_Assignment_. Please keep pictures out and return the lines below exactly, from the one holding "прямого постачальника Тапки" through the last, both included.

_Web page caption snippets_.
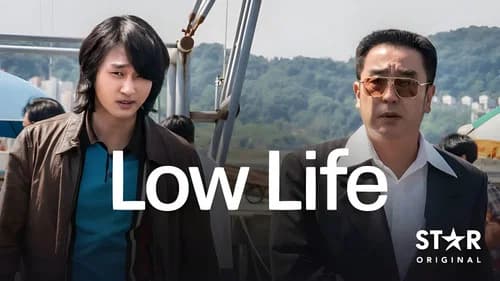 Low Life still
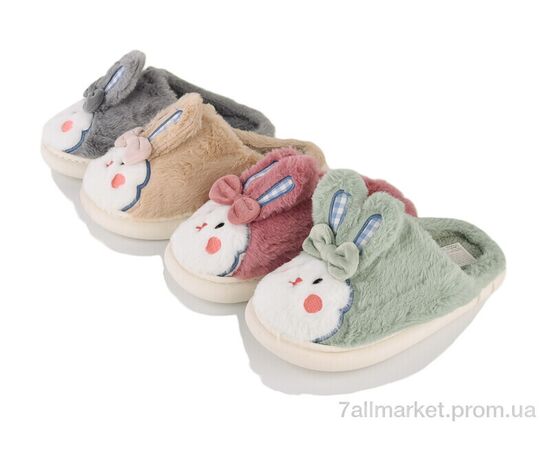 Тапки жіночі для будинку Зима FG30 mix (12 пар р.36-41) "SANLIN 2" недорого оптом від прямого постачальника Тапки жіночі для будинку Зима FG30 mix (12 пар р.36-41) "SANLIN 2" недорого оптом від прямого постачальника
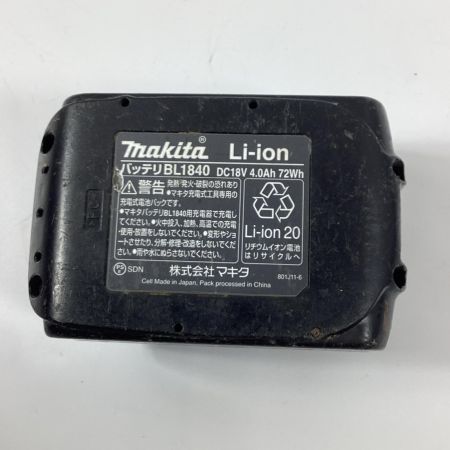 MAKITA マキタ レシプロソー JR360DPT2 充電器・充電池2個・ケース付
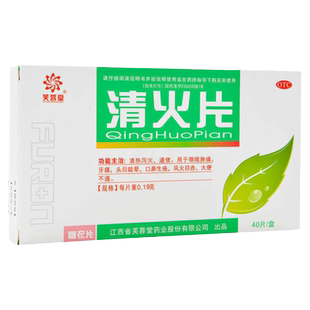芙蓉堂 清火片 0.19g*40片/盒 清热泻火通便咽喉肿痛牙痛190mg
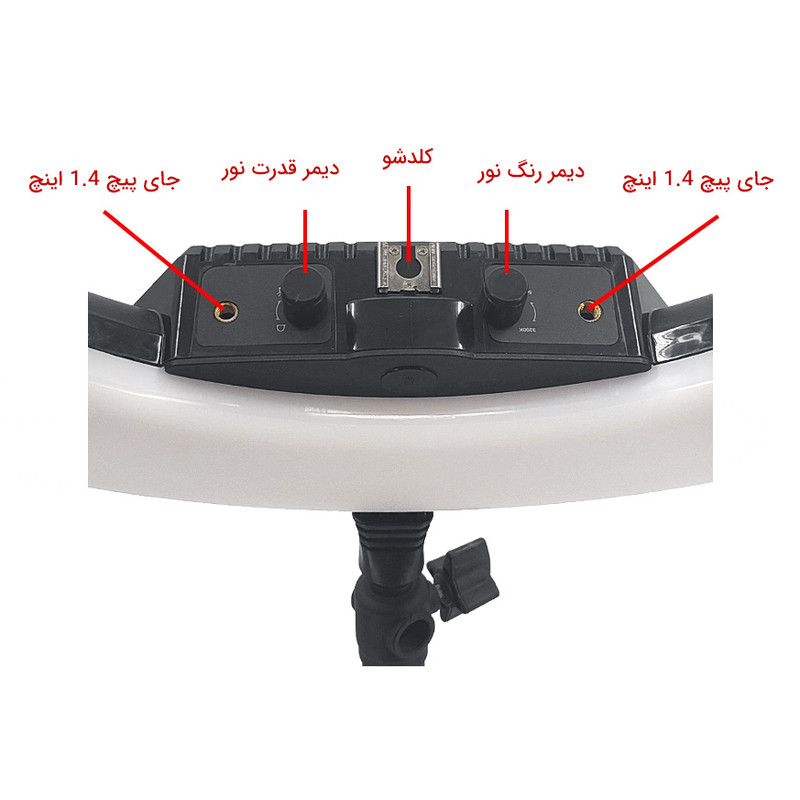 رینگ لایت هیرو مدل FE 480 100w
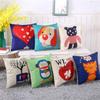 45x45cm Cotton Linen Sofa Cushion Cover Vintage Cartoon Animal Flower Printed Living Room Decorative Pillow Case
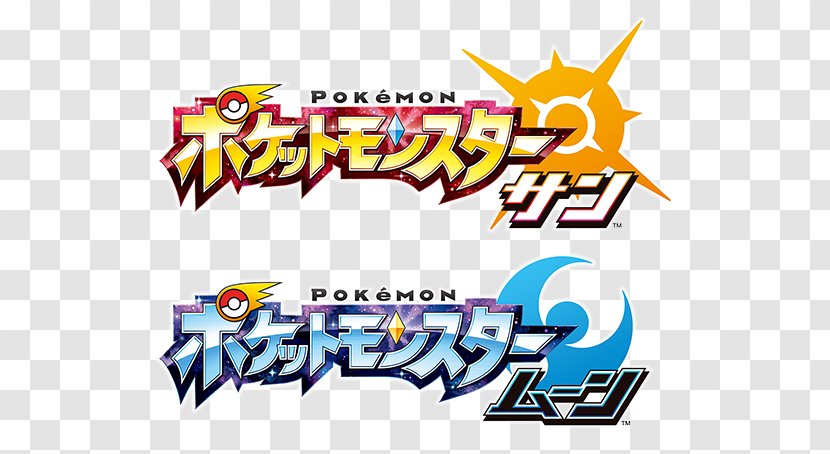 Pokémon Sun And Moon Gold Silver Ruby Sapphire X Y - Pokemon - Banner Transparent PNG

_Answer to the exercise_.
 Тапки жіночі для будинку Зима FG30 mix (12 пар р.36-41) "SANLIN 2" недорого оптом від прямого постачальника Тапки жіночі для будинку Зима FG30 mix (12 пар р.36-41) "SANLIN 2" недорого оптом від прямого постачальника
 MAKITA マキタ レシプロソー JR360DPT2 充電器・充電池2個・ケース付
芙蓉堂 清火片 0.19g*40片/盒 清热泻火通便咽喉肿痛牙痛190mg
 رینگ لایت هیرو مدل FE 480 100w
 45x45cm Cotton Linen Sofa Cushion Cover Vintage Cartoon Animal Flower Printed Living Room Decorative Pillow Case
 Pokémon Sun And Moon Gold Silver Ruby Sapphire X Y - Pokemon - Banner Transparent PNG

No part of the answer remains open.